◆ **INFORMATION SUPPLIED**:
►
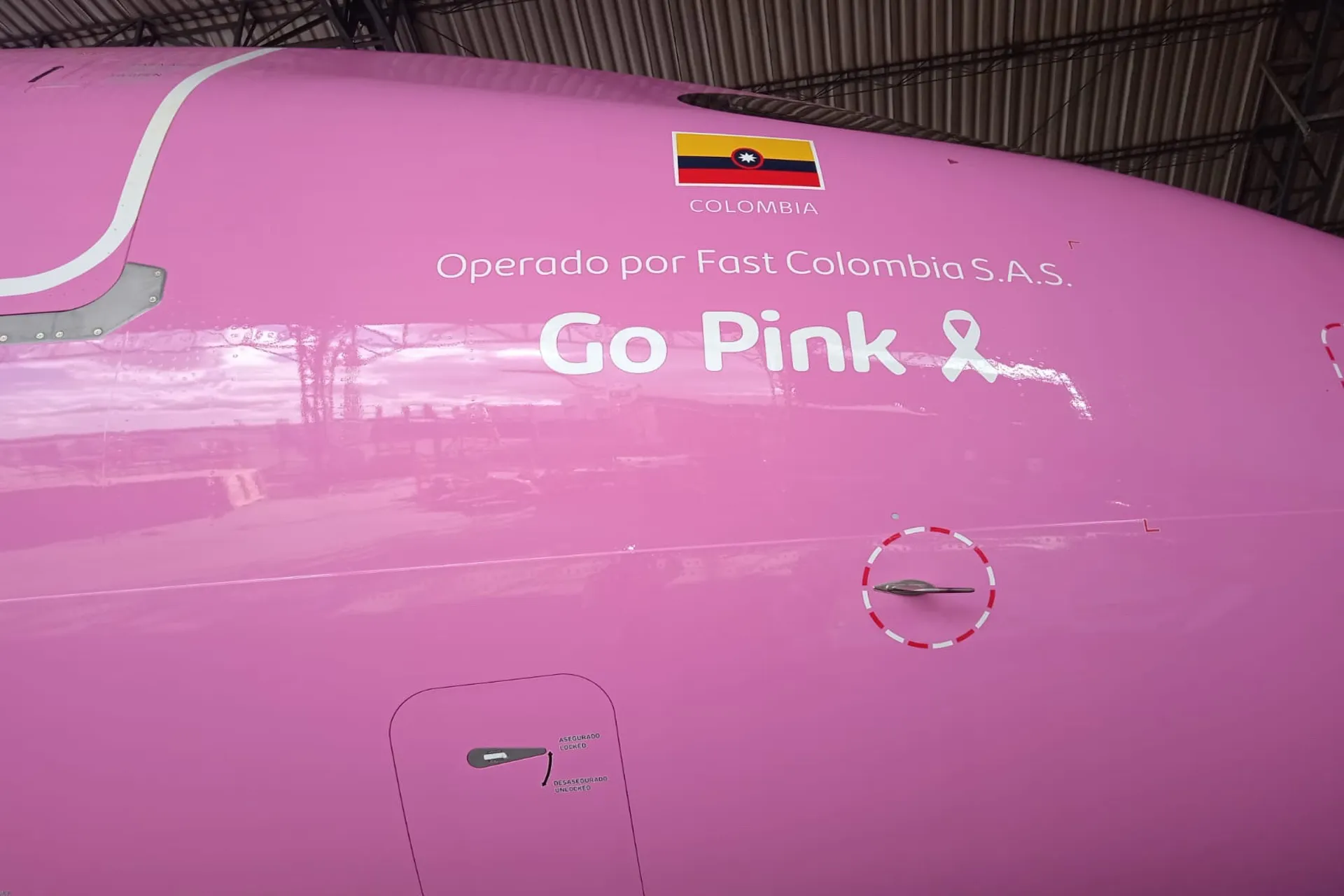 Llego "Go Pink" y es el inicio de una estrategia social de Viva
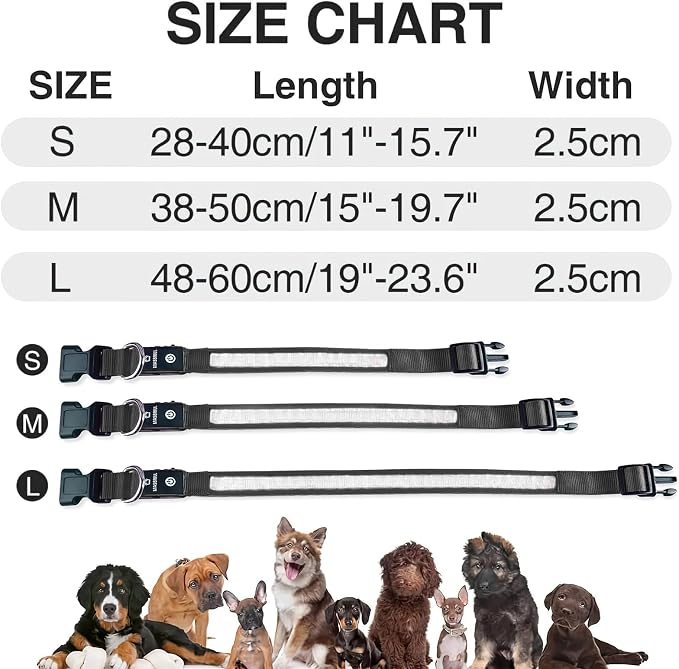 MASBRILL Light Up Dog Collars - LED Dog Collar Rechargeable Lighted Dog Collars Resistant-Water Night Walking Glow in the Dark Collars - Image 4
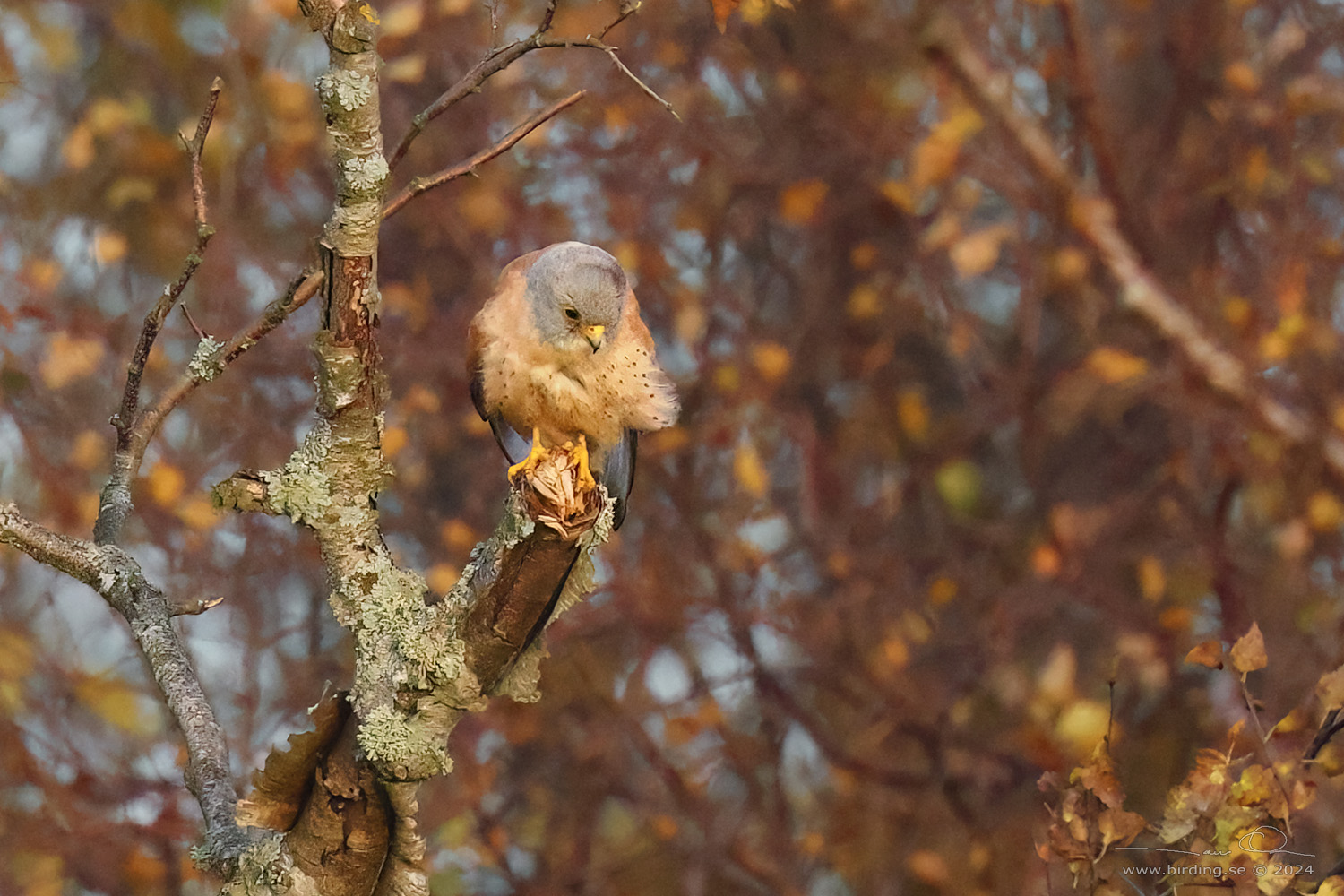 RDFALK / LESSER KESTREL (Falco naumanni) - Stäng / Close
◄
◆ **WORK ITEM**: Reproduce the material exactly; omit the pictures.

◆ **WRITTEN REPLY**:
 Llego "Go Pink" y es el inicio de una estrategia social de Viva
 MASBRILL Light Up Dog Collars - LED Dog Collar Rechargeable Lighted Dog Collars Resistant-Water Night Walking Glow in the Dark Collars - Image 4
 RDFALK / LESSER KESTREL (Falco naumanni) - Stäng / Close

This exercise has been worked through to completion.